Esposin, KARANGANYAR-Sebanyak 21 kasus kekerasan anak terjadi di Kabupaten Karanganyar sepanjang Januari hingga Juli 2024. Pada peringatan Hari Anak Nasional (HAN) 2024 ini, hal ini tentu harus jadi perhatian bersama.
Kasus tersebut didominasi kekerasan seksual terhadap anak. Merujuk data Dinas Pemberdayaan Perempuan, Perlindungan Anak, Pengendalian Penduduk dan Keluarga Berencana (DP3AP2KB) Karanganyar, ada 13 kasus kekerasan seksual selama tahun ini.
Promosi BRI Dampingi Petani Jeruk Semboro di Jember Terapkan Pertanian Berkelanjutan
Sedangkan di 2023, jumlah anak menjadi korban kekerasan ada 41 orang. Kepala DP3AP2KB Karanganyar Rusmanto mengatakan kekerasan anak dilaporkan mulai dari korban kekerasan fisik, psikologis, seksual dan perebutan hak asuh anak. Dari puluhan kasus itu, kekerasan seksual pada anak paling mendominasi.
"Di tahun ini ada 13 laporan kasus kekerasan seksual anak.
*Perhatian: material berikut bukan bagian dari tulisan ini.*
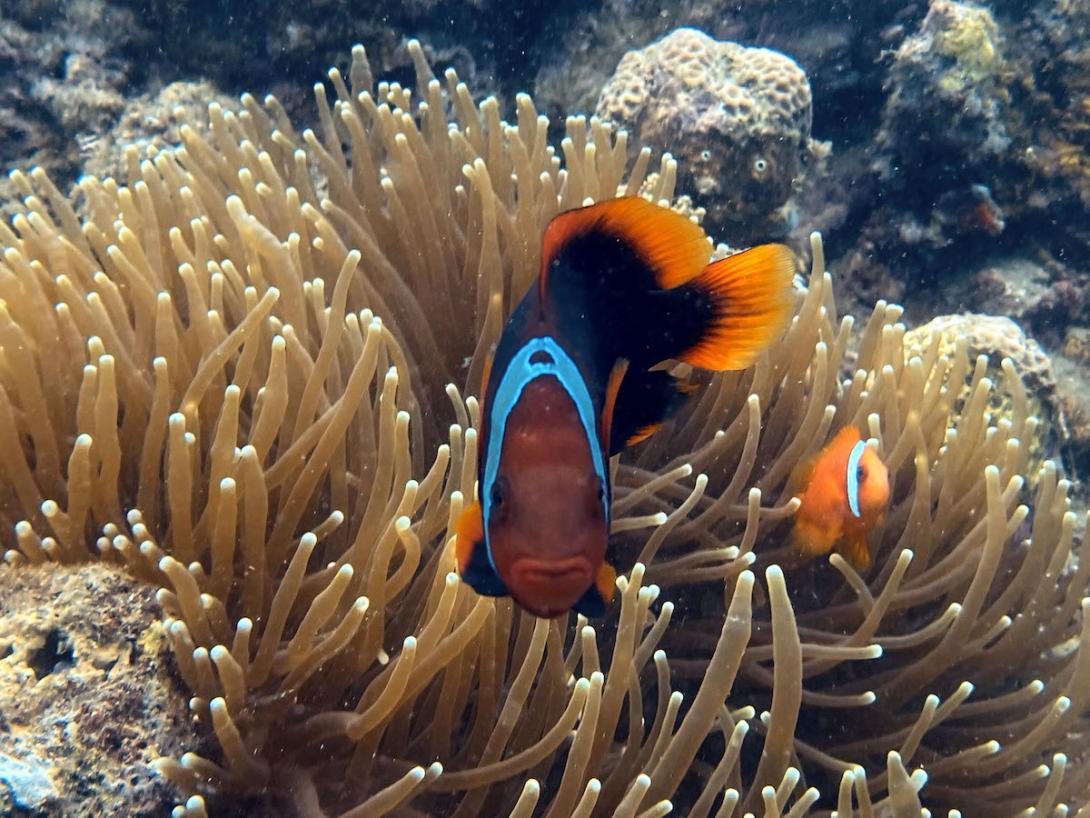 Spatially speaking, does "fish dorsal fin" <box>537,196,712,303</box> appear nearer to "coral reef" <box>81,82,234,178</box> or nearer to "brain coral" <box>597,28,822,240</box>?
"brain coral" <box>597,28,822,240</box>

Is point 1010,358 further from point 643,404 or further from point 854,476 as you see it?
point 643,404

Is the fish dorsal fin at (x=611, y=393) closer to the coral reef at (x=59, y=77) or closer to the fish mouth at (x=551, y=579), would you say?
the fish mouth at (x=551, y=579)

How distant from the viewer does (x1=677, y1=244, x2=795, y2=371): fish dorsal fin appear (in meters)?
1.30

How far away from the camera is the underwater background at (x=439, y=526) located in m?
1.56

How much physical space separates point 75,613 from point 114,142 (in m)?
3.06

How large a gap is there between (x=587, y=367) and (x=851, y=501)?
1113 mm

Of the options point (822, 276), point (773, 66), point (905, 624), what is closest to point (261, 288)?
point (822, 276)

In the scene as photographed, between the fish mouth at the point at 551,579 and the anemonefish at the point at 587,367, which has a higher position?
the anemonefish at the point at 587,367

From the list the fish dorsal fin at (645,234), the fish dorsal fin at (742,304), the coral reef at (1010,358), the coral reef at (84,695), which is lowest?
the coral reef at (84,695)

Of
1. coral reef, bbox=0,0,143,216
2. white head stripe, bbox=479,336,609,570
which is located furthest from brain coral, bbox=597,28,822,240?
white head stripe, bbox=479,336,609,570

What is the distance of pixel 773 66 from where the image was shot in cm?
390

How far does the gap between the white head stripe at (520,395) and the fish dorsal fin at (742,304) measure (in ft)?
1.01

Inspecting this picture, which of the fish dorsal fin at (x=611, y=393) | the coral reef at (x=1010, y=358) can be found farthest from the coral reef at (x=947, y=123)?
the fish dorsal fin at (x=611, y=393)

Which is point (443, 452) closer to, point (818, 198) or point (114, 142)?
point (114, 142) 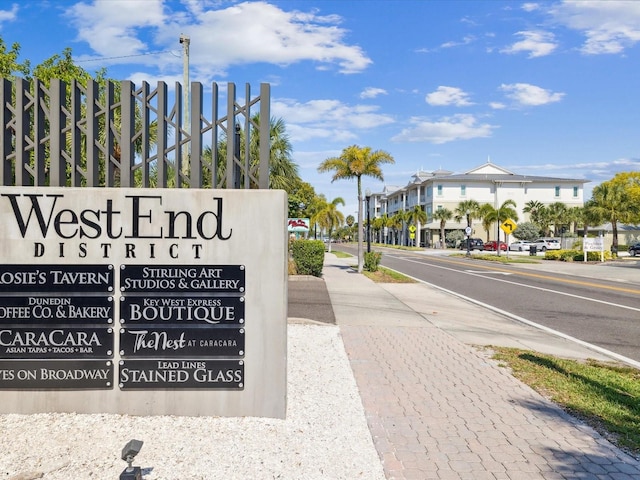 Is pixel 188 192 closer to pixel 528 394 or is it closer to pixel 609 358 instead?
pixel 528 394

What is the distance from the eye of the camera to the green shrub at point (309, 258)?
19891 millimetres

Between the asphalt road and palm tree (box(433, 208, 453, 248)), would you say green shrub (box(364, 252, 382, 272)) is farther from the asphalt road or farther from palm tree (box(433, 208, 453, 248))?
palm tree (box(433, 208, 453, 248))

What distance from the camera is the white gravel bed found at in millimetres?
3668

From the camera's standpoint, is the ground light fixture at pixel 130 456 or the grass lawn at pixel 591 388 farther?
the grass lawn at pixel 591 388

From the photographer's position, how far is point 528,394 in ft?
18.8

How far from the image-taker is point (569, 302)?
49.3 ft

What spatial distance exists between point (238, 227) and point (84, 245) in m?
1.37

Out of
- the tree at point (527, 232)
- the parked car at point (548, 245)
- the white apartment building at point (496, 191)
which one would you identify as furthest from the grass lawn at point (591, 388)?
the white apartment building at point (496, 191)

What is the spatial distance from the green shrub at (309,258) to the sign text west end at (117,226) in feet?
49.6

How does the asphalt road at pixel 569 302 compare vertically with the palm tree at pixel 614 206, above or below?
below

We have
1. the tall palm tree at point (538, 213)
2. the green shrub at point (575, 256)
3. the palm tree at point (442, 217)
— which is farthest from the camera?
the tall palm tree at point (538, 213)

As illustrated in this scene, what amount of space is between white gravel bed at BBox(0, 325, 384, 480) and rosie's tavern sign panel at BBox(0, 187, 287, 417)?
22 cm

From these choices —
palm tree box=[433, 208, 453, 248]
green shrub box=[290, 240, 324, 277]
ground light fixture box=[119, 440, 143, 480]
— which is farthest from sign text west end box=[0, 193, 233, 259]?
palm tree box=[433, 208, 453, 248]

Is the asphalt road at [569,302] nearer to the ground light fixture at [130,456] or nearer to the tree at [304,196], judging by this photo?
the ground light fixture at [130,456] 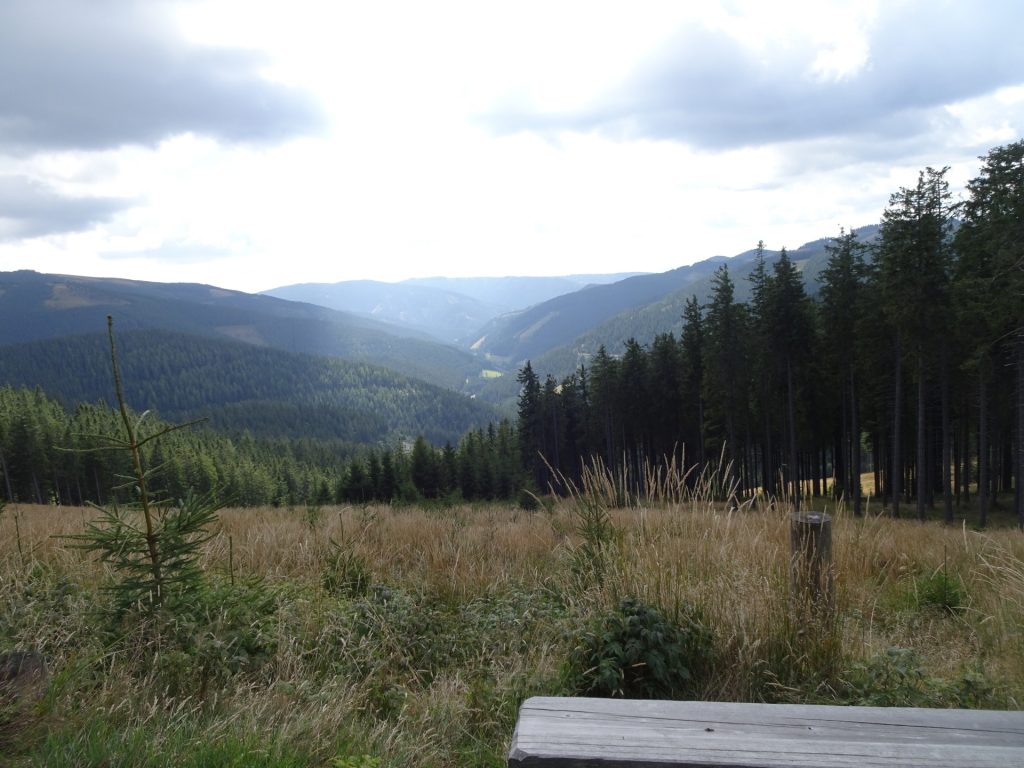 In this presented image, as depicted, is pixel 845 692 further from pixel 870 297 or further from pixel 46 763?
pixel 870 297

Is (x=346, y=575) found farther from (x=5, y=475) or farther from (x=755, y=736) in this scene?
(x=5, y=475)

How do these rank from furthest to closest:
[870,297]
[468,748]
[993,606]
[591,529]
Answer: [870,297] < [591,529] < [993,606] < [468,748]

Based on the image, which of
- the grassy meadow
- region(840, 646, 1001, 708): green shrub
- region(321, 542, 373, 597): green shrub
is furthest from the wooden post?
region(321, 542, 373, 597): green shrub

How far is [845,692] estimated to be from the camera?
315cm

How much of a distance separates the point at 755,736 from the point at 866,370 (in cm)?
2803

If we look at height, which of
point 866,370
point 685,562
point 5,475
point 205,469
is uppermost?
point 685,562

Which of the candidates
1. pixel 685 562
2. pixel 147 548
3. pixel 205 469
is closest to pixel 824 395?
pixel 685 562

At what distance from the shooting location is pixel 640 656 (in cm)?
324

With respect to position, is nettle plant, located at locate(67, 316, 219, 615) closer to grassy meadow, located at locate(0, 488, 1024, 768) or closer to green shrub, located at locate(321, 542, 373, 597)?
grassy meadow, located at locate(0, 488, 1024, 768)

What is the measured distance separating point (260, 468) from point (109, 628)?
78.1 meters

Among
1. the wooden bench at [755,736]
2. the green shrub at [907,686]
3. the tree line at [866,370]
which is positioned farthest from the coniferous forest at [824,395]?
the wooden bench at [755,736]

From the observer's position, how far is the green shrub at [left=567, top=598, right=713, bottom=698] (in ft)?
10.4

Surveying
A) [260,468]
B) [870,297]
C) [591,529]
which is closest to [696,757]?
[591,529]

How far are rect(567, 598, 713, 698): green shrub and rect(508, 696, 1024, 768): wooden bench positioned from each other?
45.5 inches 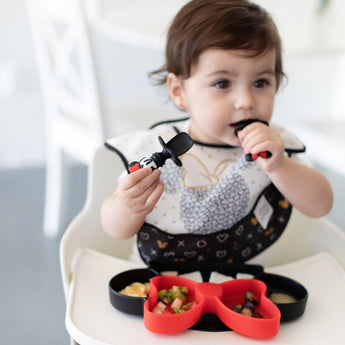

Kasus kekerasan seksual pada anak hanya ranah pendampingan saja," kata dia kepada wartawan, Selasa (23/7/2024).
Sementara untuk ranah pidana, dia mengatakan, kasus kekerasan pada anak ditangani Satreskrim Polres Karanganyar. Dikatakannya korban kekerasan seksual merupakan anak di bawah umur. Para korban ini mendapatkan perlakuan tidak senonoh oleh orang yang dikenalnya. Berdasarkan pendampingan, pelaku sebagian besar orang terdekat namun bukan anggota keluarga. Menurutnya kebanyakan, kasus itu terjadi karena jauh dari pengawasan orang tua serta pengaruh pergaulan tidak sehat.
"Saat ini korban makin berani melapor dan membuka kesempatan pemerintah serta multistakeholder untuk melakukan pencegahan serta edukasi," katanya.
Dia mengatakan metode terapi healing dilakukan untuk memulihkan kondisi psikologis para anak korban kekerasan. Para korban yang semula terpuruk, mulai dapat kembali bermasyarakat dan meneruskan hidupnya.
Ketua Divisi Pelaporan dan Pendampingan P2TP2A Karanganyar Anastasia Sri Sudaryatni mengatakan ada beragam faktor munculnya kekerasan pada anak. Faktor paling banyak dipengaruhi perkembangan teknologi yang pesat seperti media sosial (medsos) dan internet.
"Konten pornografi dan kekerasan seringkali muncul di aplikasi permainan maupun medsos di ponsel pintar," katanya.
Dia mengakui tantangan terberat dalam perlindungan anak adalah kemajuan teknologi. Anak-anak begitu mudah bisa mengakses konten yang belum saatnya mereka melihat. Dia menilai pengawasan orang tua menjadi penting dalam memantau penggunaan internet tersebut. Namun yang terjadi, beberapa orangtua abai.